Como indica el título —que fácilmente podría haberse traducido como "fantasma", simplemente—, es un ghostman: un tipo que no deja ningún rastro. Lleva a cabo atracos a gran escala, de los de escenarios exóticos y alta tecnología fardona, y desaparece como llegó. Ni siquiera presume de riqueza o la disfruta con nadie; a veces uno piensa que, total, para andar así igual le valdría más la pena ser funcionario de correos, aunque Hobbs consigue dar una explicación válida a su continuidad en este oficio.
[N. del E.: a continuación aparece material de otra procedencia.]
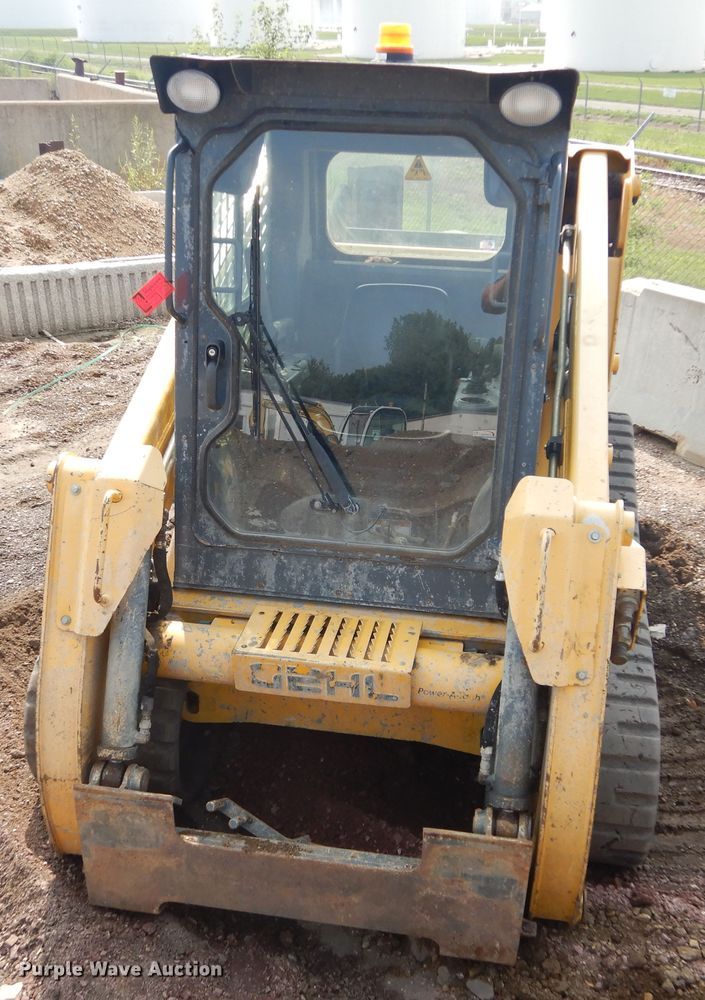 image for item KV9240 Gehl RT250  tracked skid steer loader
Además en esta novela comienza su labor en lo que parece que será el denominador común de la serie de novelas que nace aquí: se encarga de apañar operaciones que salieron mal, usando sus propios conocimientos exhaustivos del negocio.
Su labor es similar a la de un fixer, ese profesional que conocimos por primera vez con el Señor Lobo de Pulp Fiction y que aparece desde entonces por doquier en la ficción criminal americana; el último ejemplo es Ray Donovan, protagonista de una serie televisiva homónima que ha pasado menos advertida en su primera temporada de lo que merecería su calidad. El fixer es el tipo que lava los trapos sucios de los famosos o criminales, que deja todo más o menos apañado para cuando llega la policía. El protagonista de Ghostman recibe el encargo de evitar que las consecuencias de un chapucero golpe a un furgón blindado en un casino de Atlantic City lleguen hasta su responsable, el “maquinador”. Y que, de paso, el dinero robado, que lleva explosivos con tinta que se activan al cabo de 48 horas del atraco, sirva para implicar a un narcotraficante local.
Dado su carácter de obvia presentación de un escenario y unos personajes que desarrollará en el futuro, Ghostman va dejando miguitas de pan para ir construyendo esa misteriosa personalidad de su protagonista. Conoceremos un golpe fracasado del pasado en el que estaban implicados su mentora y el maquinador que ahora vuelve a contratar sus servicios. Aparecerá una agente del FBI brillante y pertinaz con la que a buen seguro mantendrá duelos en el futuro. También sabremos algunas cosas del propio fantasma: le gusta traducir clásicos latinos para relajarse, su madre murió por una sobredosis de heroína y el mismo es claramente un adicto. A la adrenalina, concretamente: a la sensación de poder y triunfo que le proporcionan sus éxitos criminales, y que justifica que siga en activo pese al dinero ganado o a la falta de posibilidades de un futuro con esa tensión nerviosa continua.
Lo que más llama la atención a la postre en Ghostman, más que la intriga en sí, es la descripción de un mundo criminal tremendamente sofisticado en todos los sentidos —desde sofisticación tecnológica hasta sofisticación en la extrema crueldad de los implicados—, que Hobbs consigue presentar como más o menos verosímil. La sensación de secretismo, de universo siniestro que se desarrolla en paralelo al nuestro que consigue la novela me recuerda mucho a las truculentísimas novelas de la serie Burke, de Andrew Vachss, a las que en algún momento supera tanto en paranoia como en crudeza.
Ghostman es una lectura dinámica e inquietante, que anuncia la llegada al género de un nuevo nombre prometedor. Esperemos que Hobbs sepa controlar su tendencia al jamesbondismo —cinematográfico— con ciertas exageraciones que sacan del relato al lector, porque las cualidades mostradas en esta novela de presentación prometen muchas historias absorbentes.